Take a look at this:
Someone should tell these malcontents that the one thing the Liberals absolutely cannot afford is a divisive, faction-ridden convention in January. Either the third-place party unites, or it dies.
The malcontents, Ibbitson refers to, are those who dare to question the prudence of certain reforms being proposed by the National Board. And the unity he demands, is for the purpose of supporting these reforms.
This is a classic example of the shock doctrine in action. Take a group of people who have been traumatized, like the members of the Liberal Party, and use them as blank slate on which some elite know-it-all can write his preferred policies. Add the spectre of imminent death and the hope is the grassroots of the Liberal Party will embrace these proposals the way lemmings embrace a cliff.

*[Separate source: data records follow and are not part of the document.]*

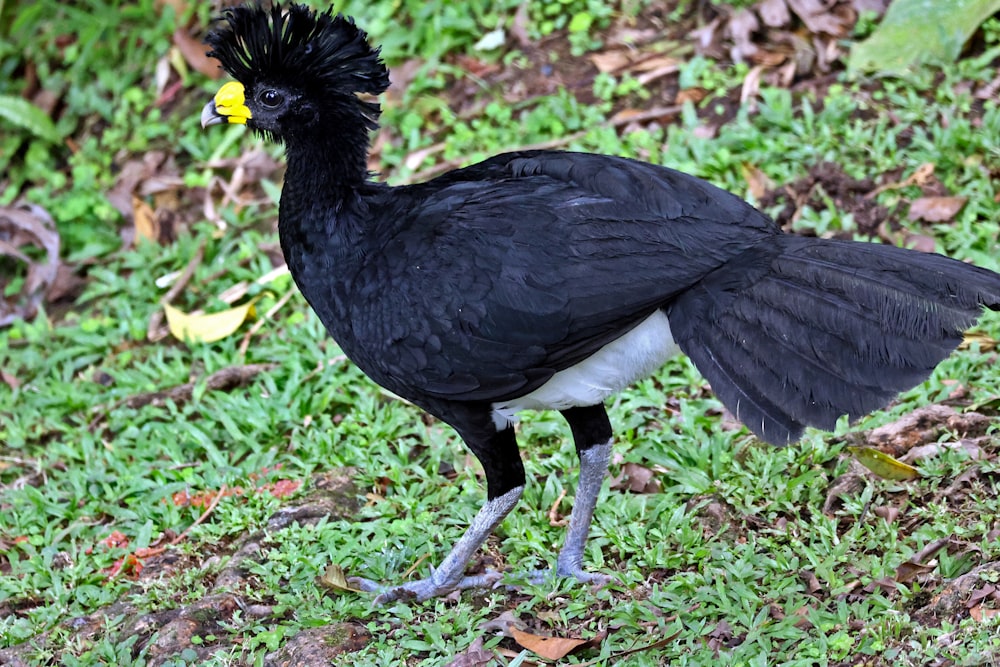 a black and white bird standing on a lush green field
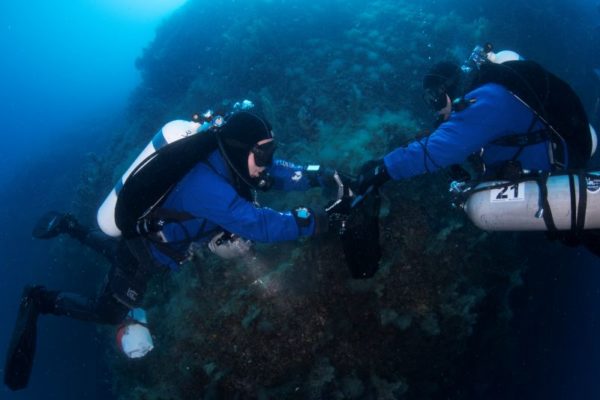 Marevivo Ph Filippo Borghi 10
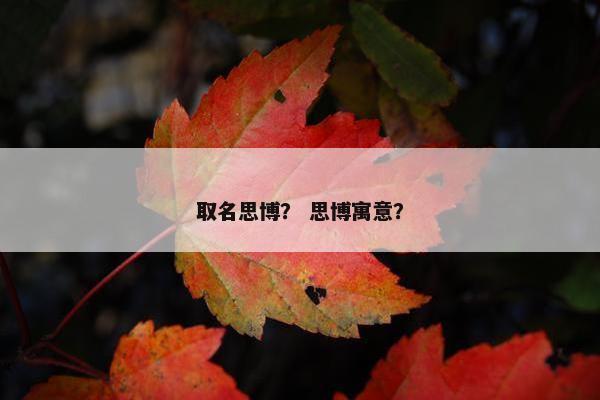 取名思博? 思博寓意? 取名思博? 思博寓意?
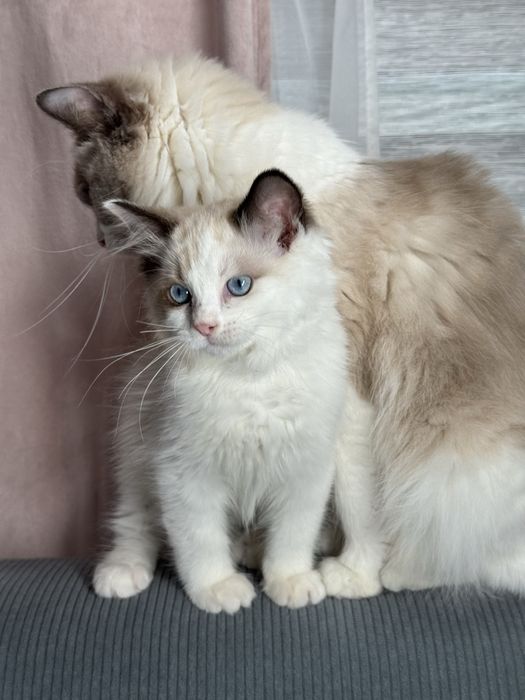 Kotka Ragdoll seal bicolour n03 FPL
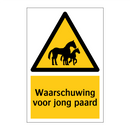Waarschuwing voor jong paard & Waarschuwing voor jong paard & Waarschuwing voor jong paard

Ibbitson takes particular exception to anonymous LIberal MPs who doubt the usefulness of open nominations at the riding level. May I suggest that he take a quick glance South of the border to see what this type of process has wrought over the past 20 years. Thanks to open nominations and the Club for Growth, the moderate wing of Republican Party no longer exists. And the ongoing failure of American politicians to address the debt crisis is directly related to the manipulation of an open nominating process by special interests.
I'm not saying Liberals shouldn't adopt open nominations, maybe they should. But to label anyone who raises concerns as malcontents, divisive and promoting factionalism is as brazen as it is intellectually dishonest, which is to say very.

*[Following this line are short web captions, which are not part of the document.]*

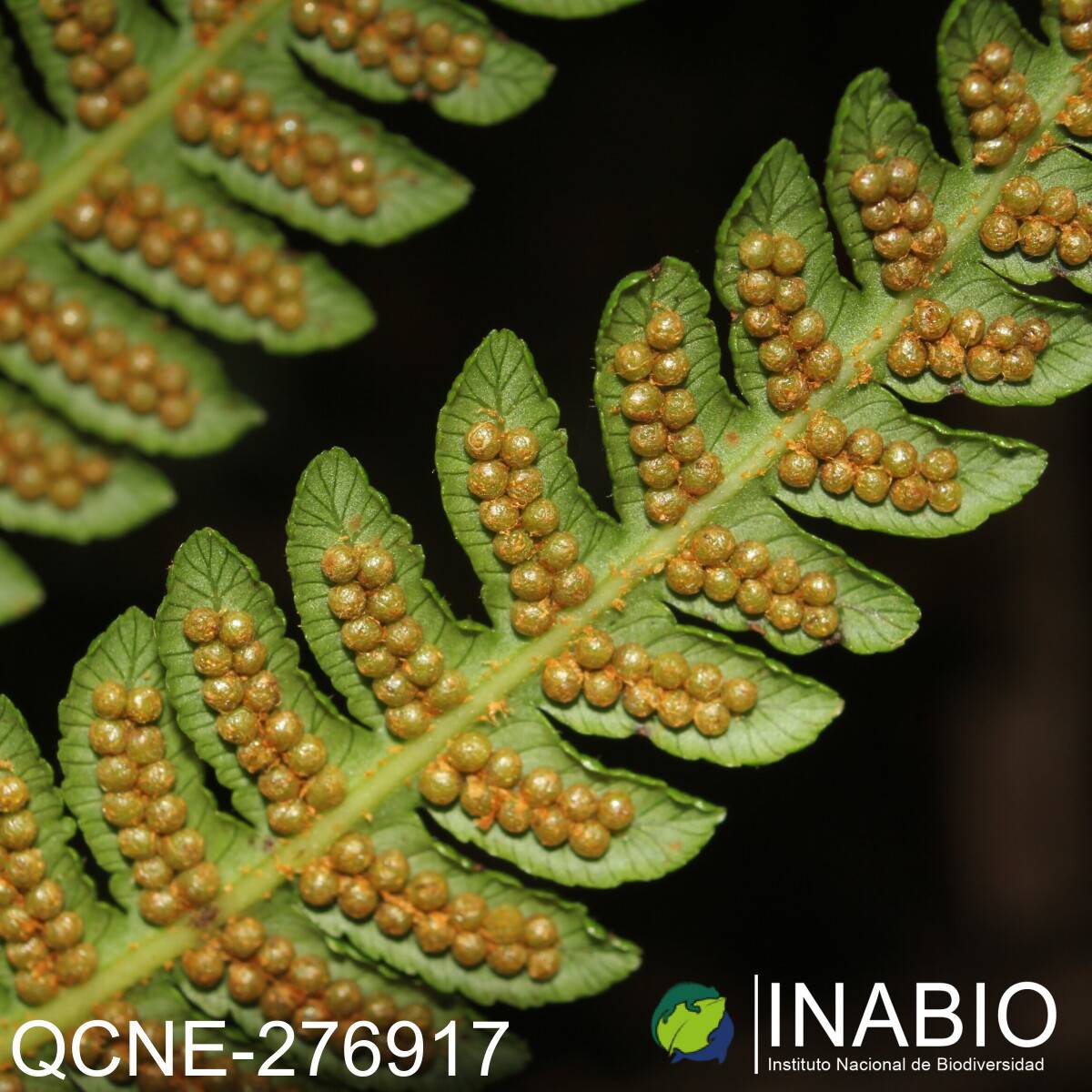 Cyathea tungurahuae image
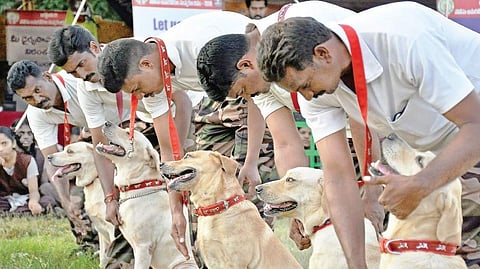 Police dogs with their trainers | Express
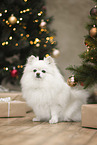 Spitz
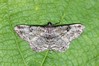 Ime datoteke: Peribatodes rhomboidaria~0.jpg
Velikost datoteke: 162kB
Dimenzija: 800x533
Datum objave: 27. avgust 2018 Peribatodes rhomboidaria~0.jpg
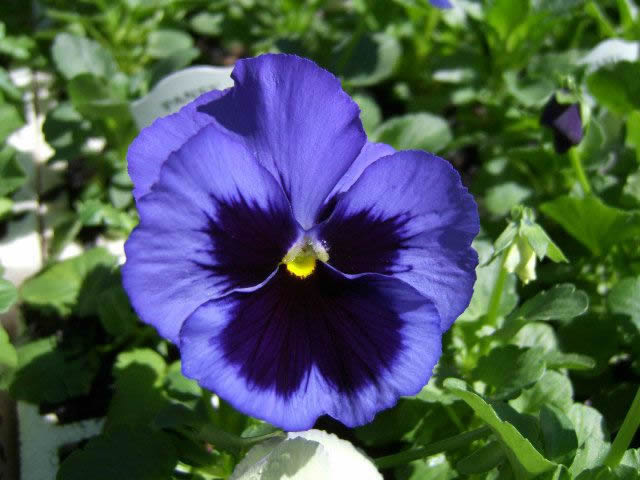 Flower Reference Photos for Artists: Pansy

Many of these proposals have a rather specious quality to them and lose their lustre on closer inspection. Not to mention that they haven't even been finalized yet.
So I'm afraid John Ibbitson will just have to learn to tolerate a little dissent as Liberals work out the details of his pet project for themselves.
2 comments:
I would take John Ibbitson with a grain of salt. This is the same columnist who was ga ga giddy for Harper to release "wild Steve" and do his worst shortly after the last election. He had written other columns related to that. Clearly, it is not within Ibbitson, or those like him, for the Liberals or the NDP to succeed. They would like to see Harper in power indefinitely.
I take him with many grains of salt and he's still unpalatable.